■ **DATA SUPPLIED**

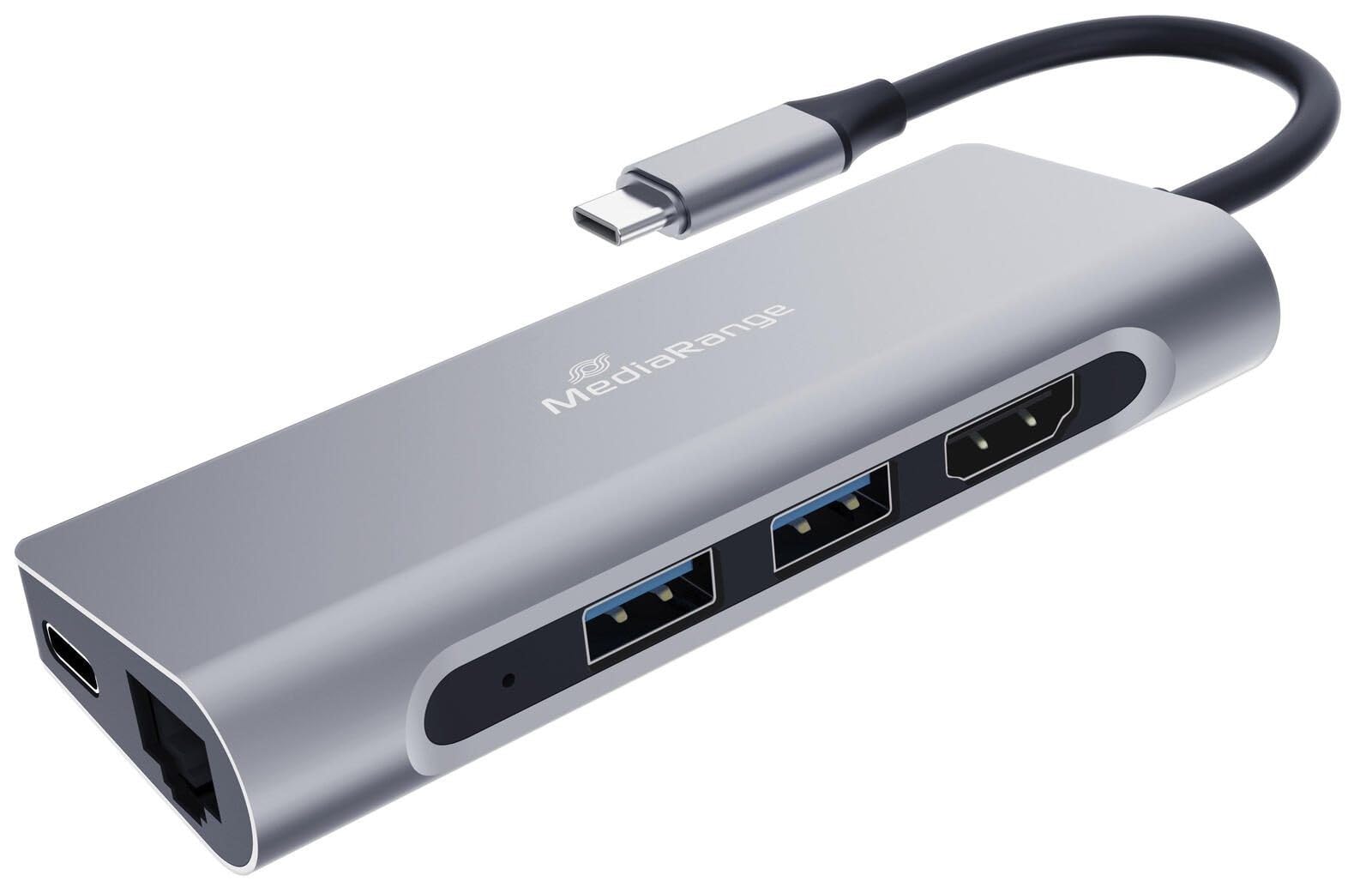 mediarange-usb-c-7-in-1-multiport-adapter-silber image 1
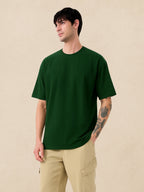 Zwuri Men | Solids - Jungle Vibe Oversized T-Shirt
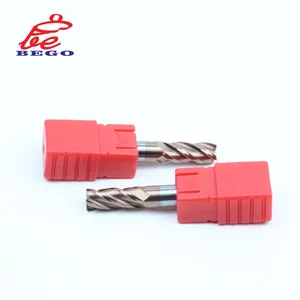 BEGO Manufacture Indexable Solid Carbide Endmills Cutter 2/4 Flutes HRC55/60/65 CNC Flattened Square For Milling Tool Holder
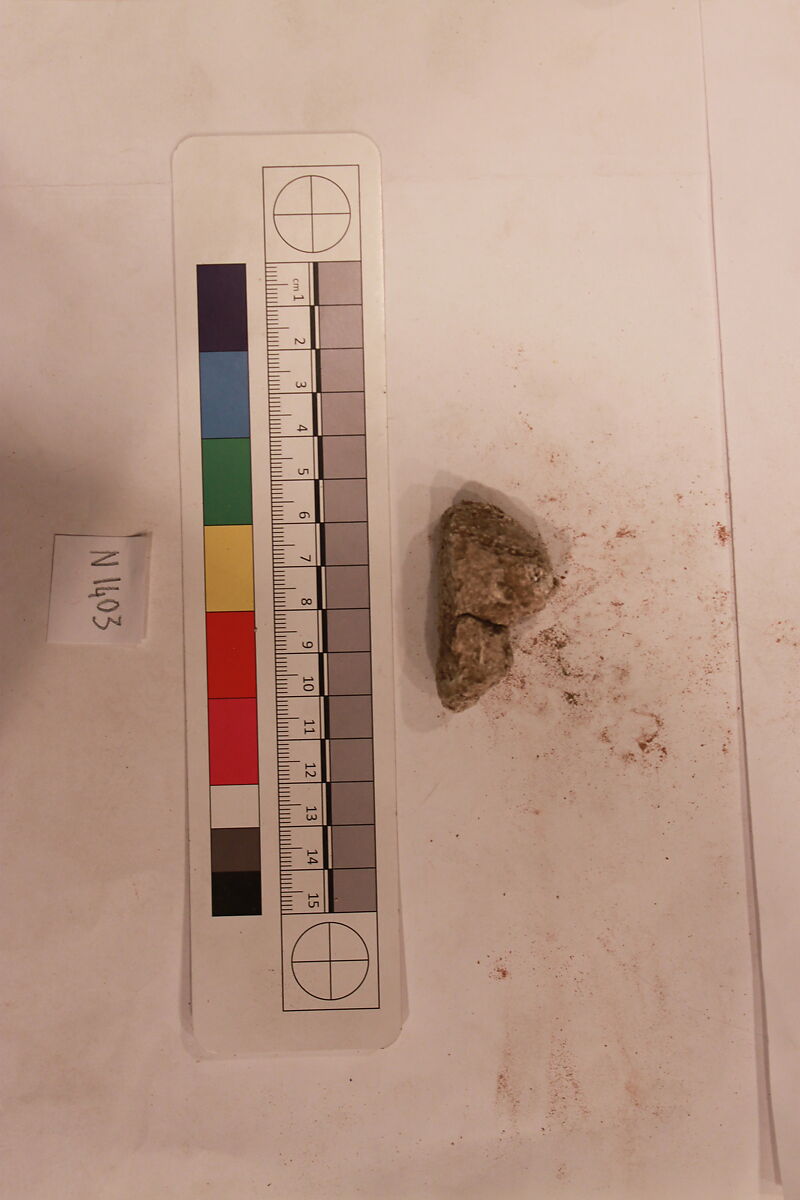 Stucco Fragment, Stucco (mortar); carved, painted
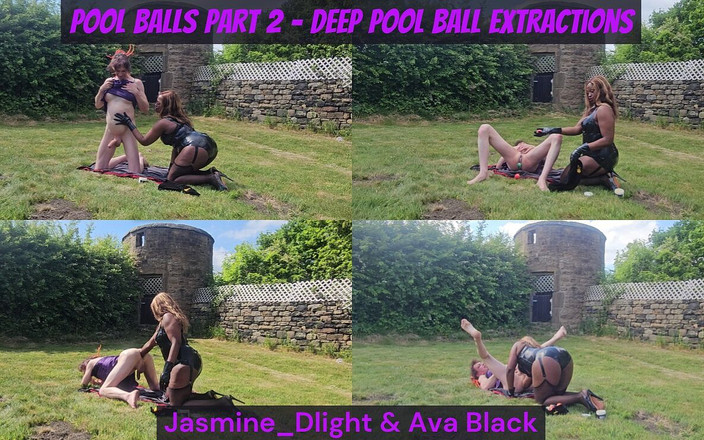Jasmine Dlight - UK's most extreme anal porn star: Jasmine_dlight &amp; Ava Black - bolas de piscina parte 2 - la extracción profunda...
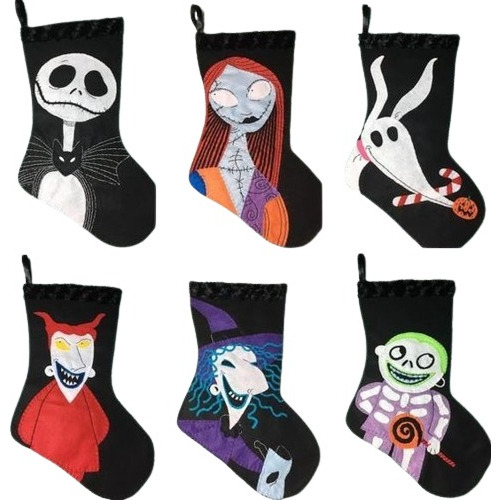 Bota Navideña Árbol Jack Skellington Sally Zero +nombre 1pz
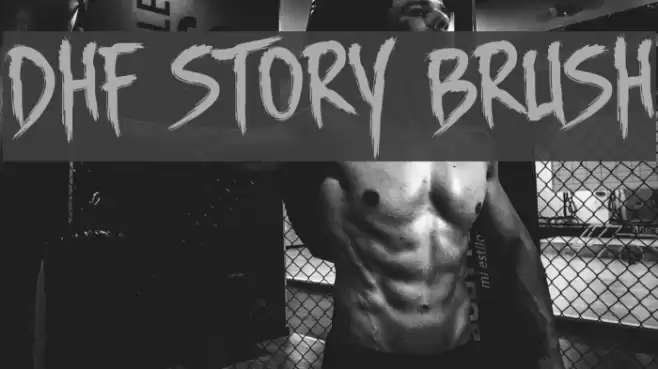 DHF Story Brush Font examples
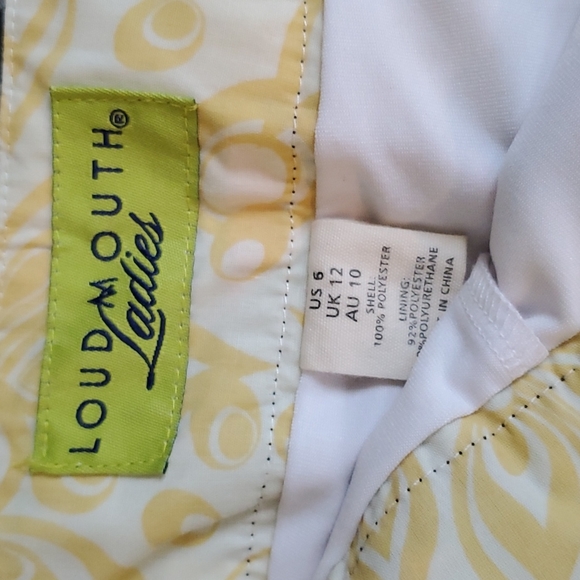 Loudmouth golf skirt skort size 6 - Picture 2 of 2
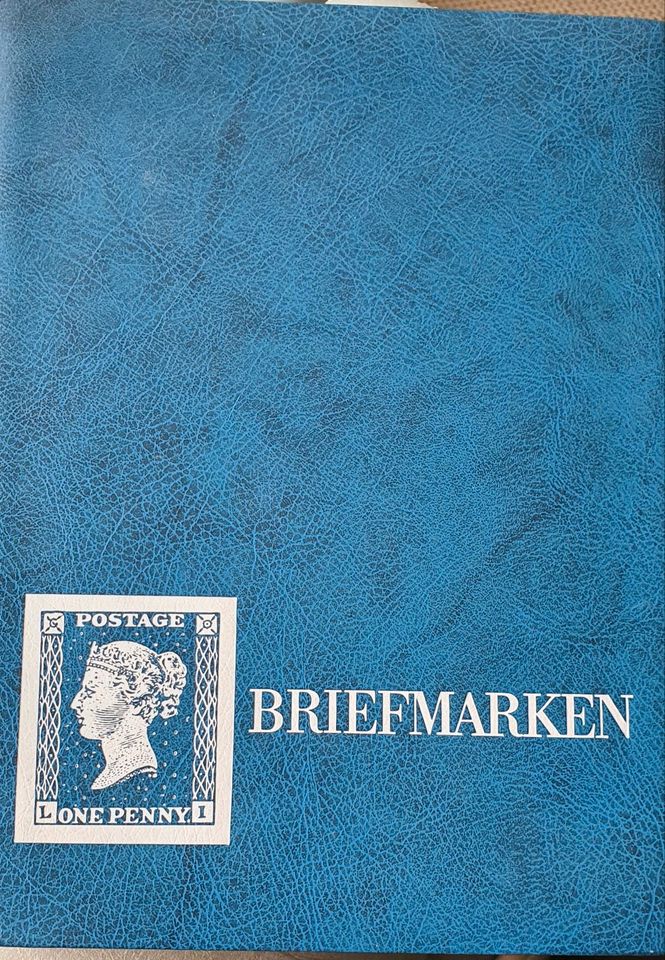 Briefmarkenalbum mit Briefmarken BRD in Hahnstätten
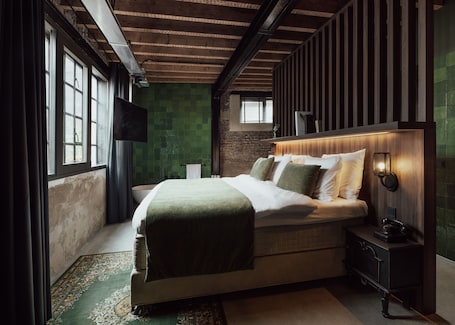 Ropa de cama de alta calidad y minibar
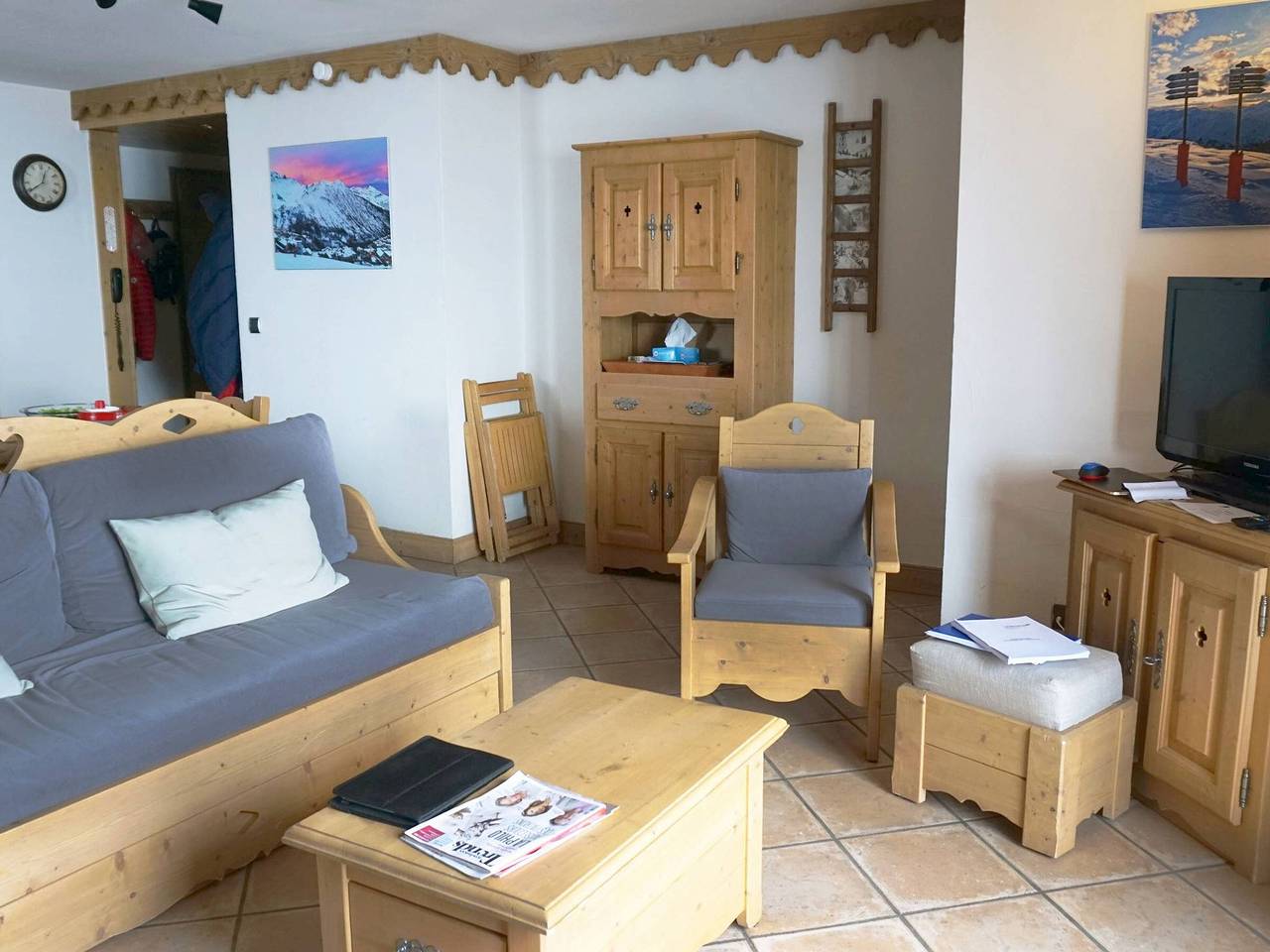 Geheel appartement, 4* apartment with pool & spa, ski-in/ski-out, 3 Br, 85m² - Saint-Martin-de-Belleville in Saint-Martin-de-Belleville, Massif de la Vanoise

■ **EXERCISE AIM**
Reproduce exactly, with nothing added, the lines from the line with "Ropa de cama de alta calidad y minibar" through the end of the entries above; pictures are to be left out.

■ **EXPECTED ANSWER**
 Ropa de cama de alta calidad y minibar
 Geheel appartement, 4* apartment with pool & spa, ski-in/ski-out, 3 Br, 85m² - Saint-Martin-de-Belleville in Saint-Martin-de-Belleville, Massif de la Vanoise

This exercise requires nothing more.